More than a quarter of all revenue for sellers on Amazon globally was from cross-border e-commerce transactions in 2017, up more than 50% from the year prior, Amazon Vice President Eric Broussard said in an interview with Reuters, ahead of his Tuesday speech at the ShopTalk conference in Las Vegas.
That amounts to between $50 billion and $75 billion for merchants selling to customers in another country, based on analysts’ estimates for Amazon’s total gross merchandise sales. Amazon does not disclose the figure.
The cross-border e-commerce increase – outpacing Amazon’s 31% rise in overall net sales – represents a massive opportunity for the world’s largest online retailer. That is why Amazon has encouraged merchants to list ever-more products on its websites around the world, which could make its marketplaces more desirable to shoppers than those of the competition.
“The speed with which sellers have been selling globally has accelerated over time,” said Broussard, who oversees Amazon’s international marketplaces.

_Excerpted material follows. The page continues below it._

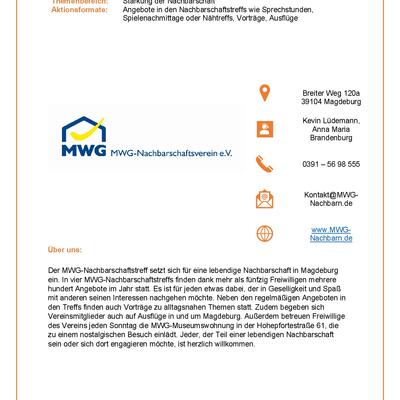 Steckbrief MWG Nachbarschaftsverein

Global trade has been crucial to Amazon and its e-commerce competitors. In a 2015 news post online, eBay touted cross-border e-commerce sales as one of its key strengths. It said cross-border represented about 20% of its gross merchandise volume in 2014, or $17 billion. The company declined to offer a figure for 2017.
Last month, eBay’s chief executive told Reuters the company planned to bring “the world’s inventory into Japan” as part of its global expansion.
Alibaba, meanwhile, recruits companies to sell into China, and its unit Tmall Global features products from brands in 63 countries and regions, it has said.
Critics of Amazon have said there are too many counterfeit products from China on its US marketplace. Amazon prohibits the sale of counterfeit goods and has said it is investing heavily in programs to keep them off its platform.
For Amazon, a key way it attracts sellers is by renting space in more than 150 warehouses worldwide so merchants can store inventory near customers – without the hassle of exporting each order. Amazon operates 13 marketplaces globally.
“A customer shops in German, pays in euros and gets very rapid fulfilment” for a product from a US seller, for example, Broussard said.
Tech Armor, a smartphone accessories maker near Los Angeles, said that its business was growing faster internationally than in the US and that it has shipped more than 12 million units through Fulfilment by Amazon (FBA) since 2012. That has come partly from Amazon’s encouragement.
“Someone from the FBA business called,” Tech Armor co-founder Joe Jaconi told Reuters. “They wanted to talk to us about Canada.”
Amazon takes a cut of merchants’ transactions, which for jewelry can reach 30% of a sale fulfilled by Amazon, said Elena Castaneda, founder of Bling Jewellery in greater New York. Amazon’s net sales from seller services was $32 billion in 2017.
Castaneda said this was worthwhile.
“Say I do $1 million in Amazon US. If you take all of Europe and you do all five countries (with Amazon Marketplaces), it would almost be equivalent to the amount you do in the US,” she said.
Exports by sellers on Amazon – where merchants handle the fulfilment to foreign countries – increased by nearly 30% in 2017, Amazon said.